答案擷取器15亦可以另一實施方式執行答案擷取作業。如圖6B所示,答案擷取作業可以包含步驟S61’:將強化目標文本編碼中對應於文章文本的部分編碼與起始分類向量執行矩陣運算及歸一化運算,以取得多個起始機率;步驟S62’:將所述部分編碼與結束分類向量執行矩陣運算及歸一化運算,以取得多個結束機率;步驟S63’:依照起始機率之數值由大至小的順序,選擇前數個以作為多個候選起始機率;步驟S64’:依照結束機率之數值由大至小的順序,選擇前數個以作為多個候選結束機率;步驟S65’:將候選起始機率與候選結束機率進行配對以產生多個候選配對,其中每一候選配對中的候選起始機率所對應的位置先於候選結束機率所對應的位置;步驟S66’:計算每一候選配對中的候選起始機率與候選結束機率之和值或乘積;步驟S67’:依據候選配對中具有最大和值者或最大乘積者中的候選起始機率及候選結束機率,決定該答案於部分編碼中的起始位置及結束位置。
The
步驟S61’及S62’的進一步執行內容分別同於圖6A之步驟S61及S62,於此不再贅述。
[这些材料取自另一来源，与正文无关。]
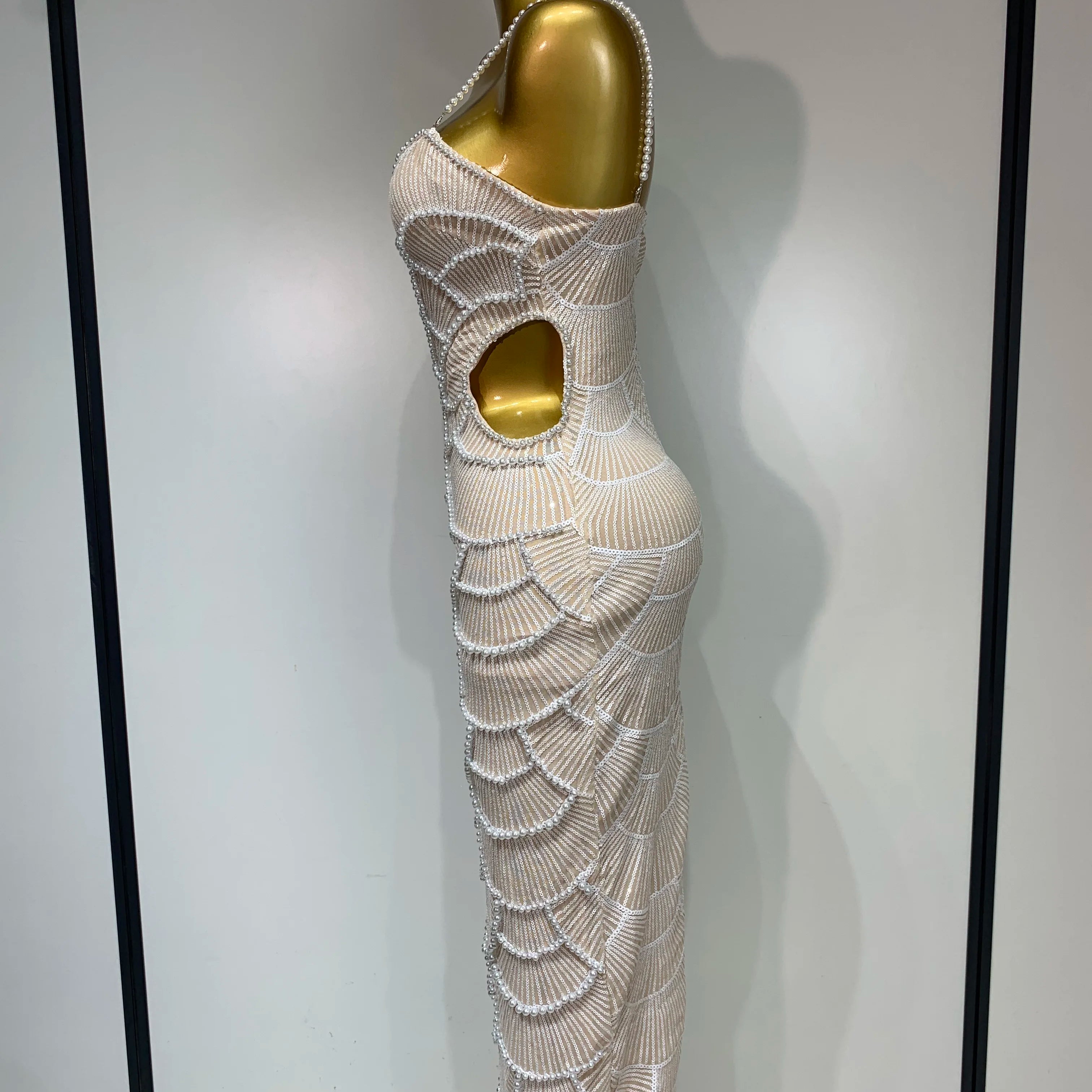 Women Sexy V Neck Pearl Beading Cut Out Maxi Long Bodycon Prom Gowns Dress Luxury Birthday Elegant Evening Party Club Dress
於步驟S63’及步驟S64’中,答案擷取器15先分別選擇前幾大的起始機率作為候選起始機率並選擇前幾大的結束機率作為候選結束機率,其中所選擇之候選起始/結束機率的數量例如為5,但不限於此。於步驟S65’中,答案擷取器15可以將候選起始機率與候選結束機率兩兩配對,並篩除掉候選起始機率所對應的位置位於候選結束機率所對應的位置之後的配對,以產生多個候選配對。換句話說,每一候選配對中的候選起始機率所對應的位置皆會先於候選結束機率所對應的位置。於步驟S66’及步驟S67’中,答案擷取器15將每一候選
配對中的候選起始機率之值與候選結束機率之值相加或相乘,並決定具有最大和值或乘積的候選配對中的候選起始機率所對應的融合向量為答案的起始位置,且此後選配對中的候選結束機率所對應的融合向量為答案的結束位置。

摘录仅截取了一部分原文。